Well I feel really responsible for a lot of the reasons for why she got to do “Last Cigarette,” because I was told by Teddy, who was in my house living with me, that he was doing the album with kd and she wanted to sing about addictions, cigarette addictions, and should we try and write something? And I remember thinking, immediately my attenae goes – a song about cigarettes, Boo has one already – and I called Boo up and we got a tape together and gave it to Teddy. And he went to LA and within two weeks Teddy called very nonplussed and said, oh kd recorded that song, tell Boo. Of course we were all very excited. Because we’re pretty down to earth, us, you know we’re not, I mean we have really good times, we like to live in that fantasy world that we are in amongst the stars and everyone is, but you know we don’t… What I am trying to say is that we are very romantic and we like the story behind things rather than – me, Boo, Teddy, Roy – we’re all a bit maverick I think. We’re all pretty untogether as far as being, playing the game. I don’t think we play whatever the game is.


And as you so aptly put earlier on, if you did and if you had all that hype surrounding you, you couldn’t sit in a caf like this having a chat, you couldn’t walk the streets, whatever, and who needs that?


It’s very scary, all that Fairground stuff. Because when we were on Top of the Pops the next day I went out in the street and it was very scary, folk coming up asking me for autographs. And I remember someone shouting across the street, “You’re that ‘I don’t want’ girl!” – you know, which is the first line in “Perfect” – “I don’t want half-hearted love affairs.” And he called me “I don’t want” – “Look everybody, it’s ‘I don’t want’!” And that was very bizarre, and I’m not, when someone comes up and asks for an autograph I kind of go, well, why? What do you want? Do you want to talk about something? I love it when people come up and go, I really like what you did and I really think that you’re fantastic. I think that’s great when someone does that, especially when you’re maybe a bit down or something. But no, it’s no overwhelming by any stretch of the imagination. Which is great.

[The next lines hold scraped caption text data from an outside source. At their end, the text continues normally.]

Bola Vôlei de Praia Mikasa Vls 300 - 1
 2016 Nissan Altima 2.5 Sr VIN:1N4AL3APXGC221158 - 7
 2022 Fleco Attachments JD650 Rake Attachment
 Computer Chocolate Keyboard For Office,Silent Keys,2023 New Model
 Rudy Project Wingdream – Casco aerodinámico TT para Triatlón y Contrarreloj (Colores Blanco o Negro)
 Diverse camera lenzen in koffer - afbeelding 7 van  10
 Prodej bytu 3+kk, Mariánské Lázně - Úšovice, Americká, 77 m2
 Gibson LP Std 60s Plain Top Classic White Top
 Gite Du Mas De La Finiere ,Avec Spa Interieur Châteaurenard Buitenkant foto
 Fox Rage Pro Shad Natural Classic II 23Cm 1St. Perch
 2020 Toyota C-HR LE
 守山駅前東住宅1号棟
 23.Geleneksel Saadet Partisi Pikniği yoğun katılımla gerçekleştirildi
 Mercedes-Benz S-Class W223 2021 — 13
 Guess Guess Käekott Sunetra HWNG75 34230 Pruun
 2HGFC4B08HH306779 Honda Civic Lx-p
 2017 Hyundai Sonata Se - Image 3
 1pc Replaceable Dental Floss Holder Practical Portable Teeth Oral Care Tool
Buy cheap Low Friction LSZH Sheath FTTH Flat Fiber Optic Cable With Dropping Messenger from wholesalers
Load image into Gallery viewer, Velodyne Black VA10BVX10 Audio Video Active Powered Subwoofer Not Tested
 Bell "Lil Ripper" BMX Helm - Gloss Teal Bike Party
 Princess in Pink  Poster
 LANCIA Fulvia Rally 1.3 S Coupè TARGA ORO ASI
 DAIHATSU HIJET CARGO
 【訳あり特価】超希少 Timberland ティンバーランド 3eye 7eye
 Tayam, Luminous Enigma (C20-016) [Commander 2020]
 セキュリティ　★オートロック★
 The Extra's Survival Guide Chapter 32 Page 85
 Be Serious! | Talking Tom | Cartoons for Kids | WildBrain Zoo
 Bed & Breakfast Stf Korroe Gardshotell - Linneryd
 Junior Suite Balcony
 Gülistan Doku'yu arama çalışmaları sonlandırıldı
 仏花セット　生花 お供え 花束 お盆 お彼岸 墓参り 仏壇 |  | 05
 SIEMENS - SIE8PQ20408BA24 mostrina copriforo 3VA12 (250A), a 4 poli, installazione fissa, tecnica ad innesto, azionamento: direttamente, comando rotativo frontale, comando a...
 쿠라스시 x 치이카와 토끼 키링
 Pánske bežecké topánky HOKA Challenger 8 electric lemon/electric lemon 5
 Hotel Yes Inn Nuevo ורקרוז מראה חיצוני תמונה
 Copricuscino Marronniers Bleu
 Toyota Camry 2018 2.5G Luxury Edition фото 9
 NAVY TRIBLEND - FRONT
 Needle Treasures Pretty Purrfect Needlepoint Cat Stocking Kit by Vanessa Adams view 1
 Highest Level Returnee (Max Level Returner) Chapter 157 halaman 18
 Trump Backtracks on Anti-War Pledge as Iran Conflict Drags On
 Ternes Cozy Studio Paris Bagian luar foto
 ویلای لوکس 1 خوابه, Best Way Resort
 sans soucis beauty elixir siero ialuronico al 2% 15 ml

I found “Pefect” was a bit of an odd song out on that album, anyway.


Well I knew at the time that it was definitely the single, but I knew that if we didn’t get the other stuff first then that would be it, we’d have that and then no-one would listen to anything else. That wasn’t quite what happened, but there were people that loved “Perfect” and hated the album, or hated “Perfect” but loved the album.


I didn’t hate it, I thought it was cute, I just much preferred “Smile in a Whisper” or whatever —


We used “Perfect” at the end of the set to cheer everybody up because we were because we were all full of, the rest of the songs were all full of angst and break-up and love gone wrong, so “Perfect” was thrown in at the end of the hour to make everybody dance a little bit, and it worked perfectly for that. So to make it the single was just missing the point a little bit, to make it the first single was missing the point.


Like “Town Without Pity.”


But they were right — it’s a great single, and it was fast and furious and still exists, which is great.


Do you want another coffee?


I was just thinking we should try and go next door and maybe get these, and then we can find a quieter place.


[We then went into Warner Records where Eddi played me tracks off the album that would become Angels & Electricity.]